GRAND RAPIDS — “Beer before liquor, never sicker.” But how about beer with your liquor, in the same glass? It’s a more appetizing combination and, in Michigan, certainly an inevitable one.
The beer cocktail has evolved from the Irish car bombs of its frat days. It’s no longer just shots-in-pints to break the monotony of shots-after-pints. It’s porters and IPAs with gins and tequilas and liqueurs and olives. The rise of craft beer has led to the rise of the craft beer cocktail.
That being said, the more creative mixtures — with fancy cocktail names like Black Velvet and Sidewalker — aren’t always easy to find, even in Michigan. Brewpubs abound, but most don’t have a full bar. Often a Black and Tan is the most creative your neighborhood taproom can get.
But there’s one place in Grand Rapids at least that always has a few concoctions ready: Harmony Brewing Company.
Luke Schmidt, Harmony’s general manager, occasional bartender and cocktail creator, describes beer cocktails as “trendy,” but he adds that Harmony has always had some on their menu. “They’ve evolved a little over time, like everything here,” he says. And though the idea of beer cocktails sometimes meets with some hesitation, especially from patrons more familiar with standard cocktails and less inclined toward beer, most customers are more than willing to try one — and they aren’t disappointed.
Harmony’s beer cocktails fluctuate with the tap list. (That can mean quick turnover at a smaller brewpub, so check in often.) When we visited last week, there were two of the regulars on tap — the beergarita and the Proud Mary.

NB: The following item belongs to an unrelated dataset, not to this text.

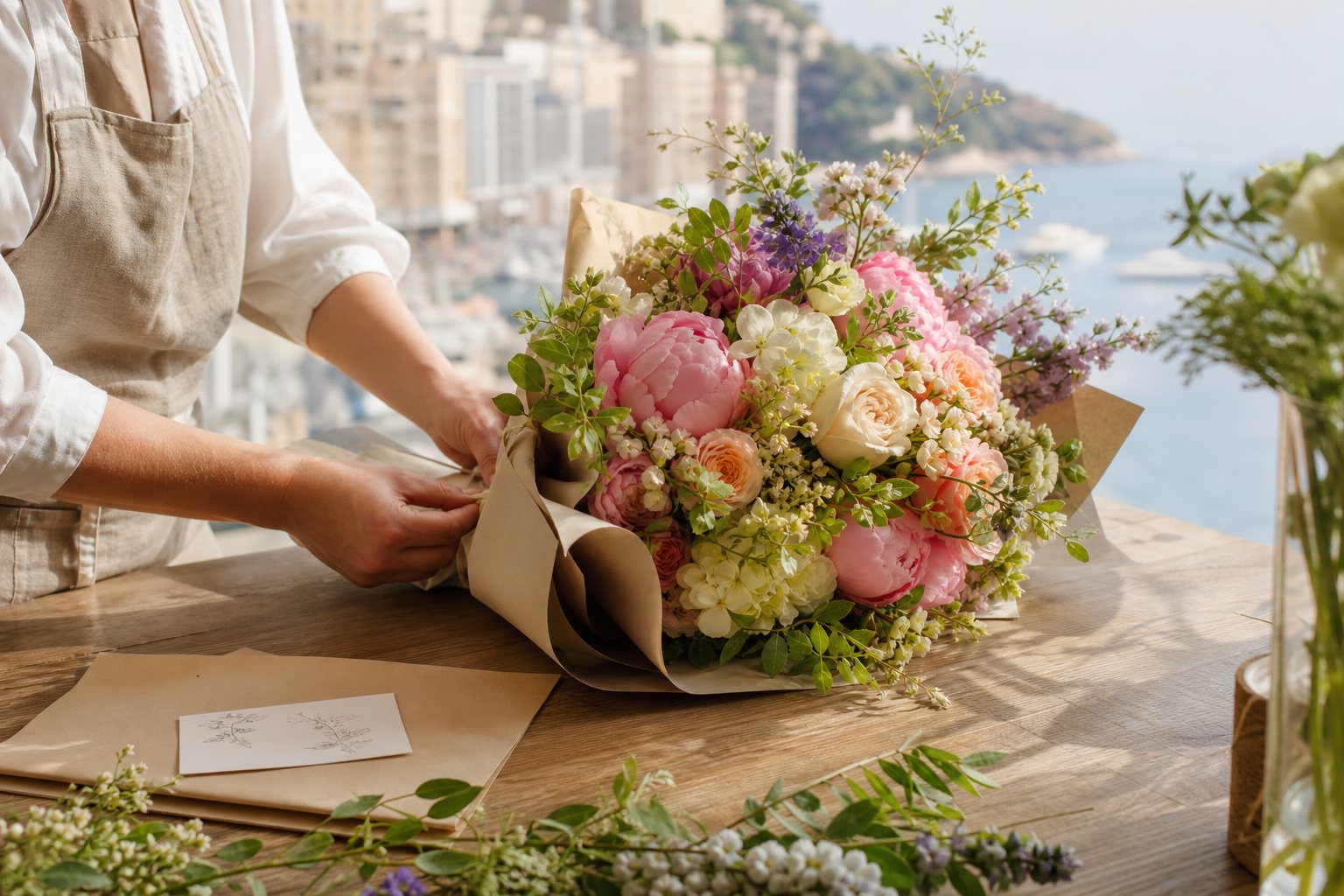 How to Send Flowers to Monaco from Abroad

The beergarita combines whichever IPA is on tap (Fiddlestix or Crossroads), tequila, triple sec and lime juice. From a beer lover’s perspective, it’s better than a regular margarita — refreshing and tart, but with a heartier finish.
The Proud Mary is a Bloody Mary — vodka, tomato juice and some “secret ingredients” — mixed with Harmony’s Black Squirrel smoky porter. It’s a drink that’s almost a meal.
According to Schmidt, creating a beer cocktail is mostly a matter of common sense and taste buds. “It’s not like I’m a cocktail wizard,” he says. “I approach it just like cooking at home.”
That means mixing flavors that usually go well together, and at Harmony it also means collaboration and a lot of feedback before (and after) a drink lands on the menu.
For those wishing to mix their own beer cocktails at home, Schmidt recommends enhancing a beer’s bitter side with something savory or balancing it with something sweet. Citrus flavors from liqueurs like triple sec are a natural complement to a hoppy beer.
But in the end, a healthy dose of trial and error is needed to achieve the perfect beer-liquor union. “It’s harder to come up with a beer cocktail than a regular cocktail, because beer is such a strong flavor,” Schmidt says.
So if you’re in the mood for some adventure, stock up on Michigan brews (both light and dark), unlock your liquor cabinet, grab some open-minded friends, and mix away.